Agence Ecofin) – L’hydrogène vert est au cœur des stratégies de transition énergétique et de coopération internationale. Des projets ambitieux, comme celui porté par la Mauritanie, mettent en lumière les opportunités, mais aussi les défis liés à un cadre mondial encore en construction.

La Mauritanie nourrit de grosses ambitions en matière d’énergie, qui dépassent les moyens que le système international lui fournit. Depuis l’annonce du projet AMAN porté par CWP Global, le pays est sous les feux de la rampe dans l’industrie africaine naissante de l’hydrogène vert. Mais alors que les discours politiques se multiplient, les avancées concrètes peinent à suivre.

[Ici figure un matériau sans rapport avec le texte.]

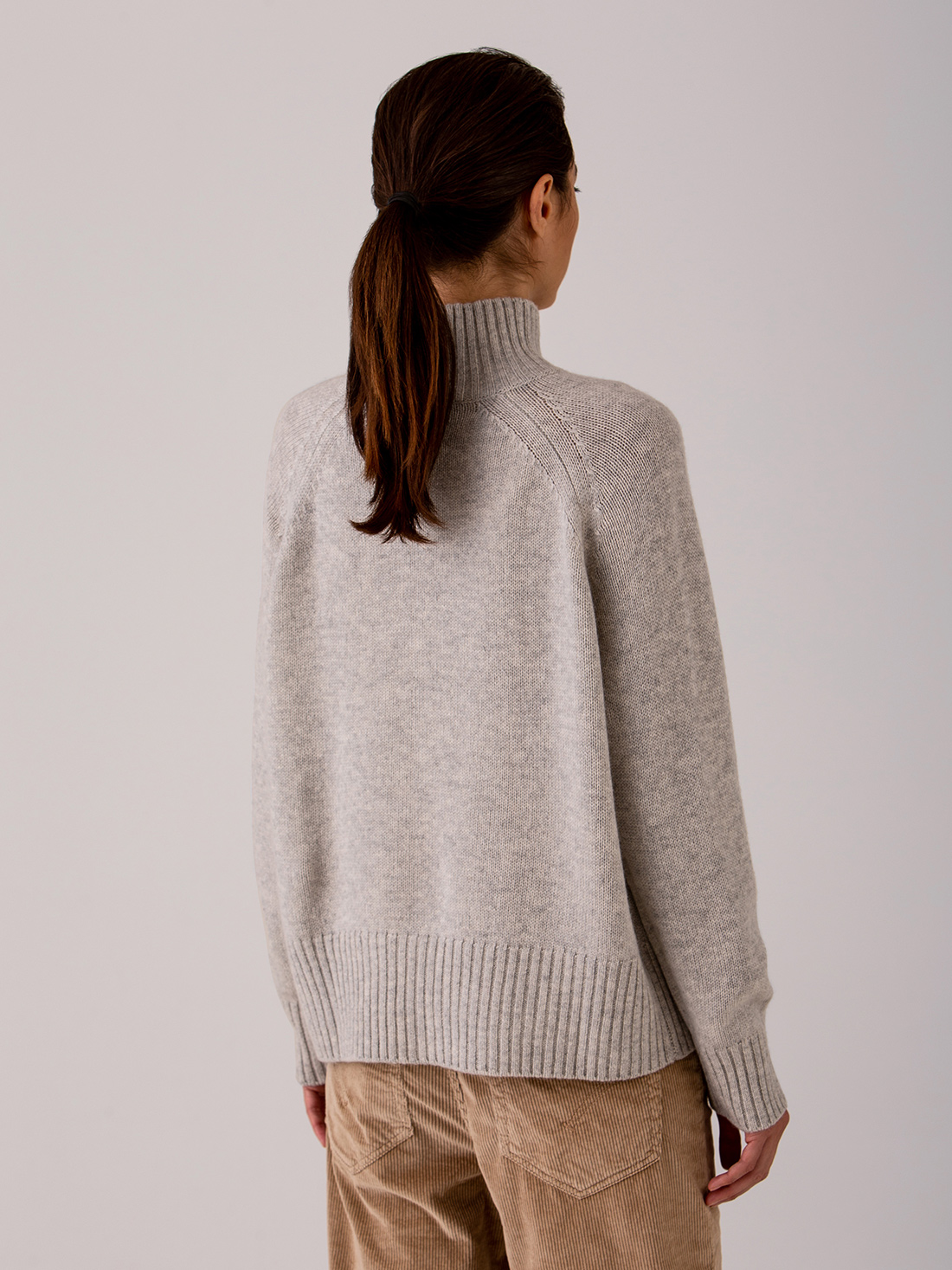 Detailansicht von Turtleneck Pullover aus Schurwolle von ALLUDE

À l’image d’autres chantiers d’envergure sur le continent, AMAN se heurte à un dilemme : un potentiel énergétique hors norme, mais un écosystème financier mondial inadapté aux réalités locales. Le projet révèle les limites d’un système international encore incapable de transformer l’option hydrogène en moteur de développement durable et équitable.

CWP expose des difficultés structurantes

Face aux spéculations sur un ralentissement ou un retrait du projet, CWP a clarifié sa position. Dans une déclaration le vendredi 6 juin, son fondateur Mark W. Crandall a réaffirmé qu’« il est hors de question que nous nous retirions de la Mauritanie ». Le groupe poursuit ses activités dans le pays en partenariat avec le gouvernement, tout en ajustant « le rythme du développement à celui des marchés mondiaux ».

Crandall insiste sur le fait que les difficultés actuelles ne sont pas liées à la Mauritanie, mais à l’incertitude mondiale sur la trajectoire de la décarbonation, l’absence de cadres réglementaires et de mécanismes d’incitation cohérents. En parallèle, son groupe travaille avec la Société nationale industrielle et minière de Mauritanie (SNIM) sur la décarbonation du bassin minier de Zouerate, dans le nord du pays.

Mais ce chantier ne suffira pas à lui seul comme incitation pour mobiliser le financement global du projet, estimé à 40 milliards USD.

La Mauritanie parmi les pays les plus compétitifs pour l’hydrogène vert

Une étude publiée en juin 2025 par divers chercheurs sur Nature Energy et intitulée « Mapping the cost competitiveness of African green hydrogen imports to Europe » vient étayer la position de CWP. Selon elle, la Mauritanie figure parmi les pays les plus compétitifs au monde pour produire de l’hydrogène vert. Dans un scénario combinant politiques publiques optimales et faibles taux d’intérêt, le coût de production pourrait être de 3,2 €/kgH₂ dans le pays d’ici 2030.

Ce potentiel est néanmoins conditionné. En l’absence de soutien politique et financier externe (garanties de prix, assurances contre les risques politiques, taux bonifiés), le coût bondirait à 4,9 €/kgH₂, rendant l’hydrogène africain moins compétitif. L’étude conclut que « la plupart des projets africains d’hydrogène vert ne seront pas viables à l’export d’ici 2030 sans une intervention publique forte du côté européen ».

Plus encore, elle souligne un déséquilibre structurel. « Le projet AMAN, équivalant à quatre fois le PIB mauritanien, expose le pays à une concentration de risques financiers hors de portée de ses institutions, malgré des ressources naturelles idéales » apprend-on.

L’hydrogène vert africain : entre ambitions locales et dépendance globale

Loin de n’être qu’un geste de communication, la déclaration de CWP illustre la position complexe dans laquelle se trouvent les acteurs du secteur. D’un côté, une volonté affichée de rester, d’investir, de structurer localement. De l’autre, une réalité systémique où les producteurs africains ne maîtrisent ni le cadre réglementaire, ni les leviers de financement, ni la structuration des marchés d’exportation.

Le projet AMAN incarne ce dilemme. Il cristallise l’écart entre les ambitions climatiques globales et la capacité du système économique mondial à intégrer les pays en développement dans une transition juste. Tant que les pays riches n’assumeront pas un rôle plus actif dans le financement, la sécurisation et la planification à long terme de l’hydrogène vert africain, ces projets risquent de rester des vitrines techniques sans base industrielle durable.

La promesse de l’hydrogène vert africain est concrète, mais elle ne tiendra que si elle s’inscrit dans un modèle de co-développement, et non dans une simple logique d’extraction à grande échelle.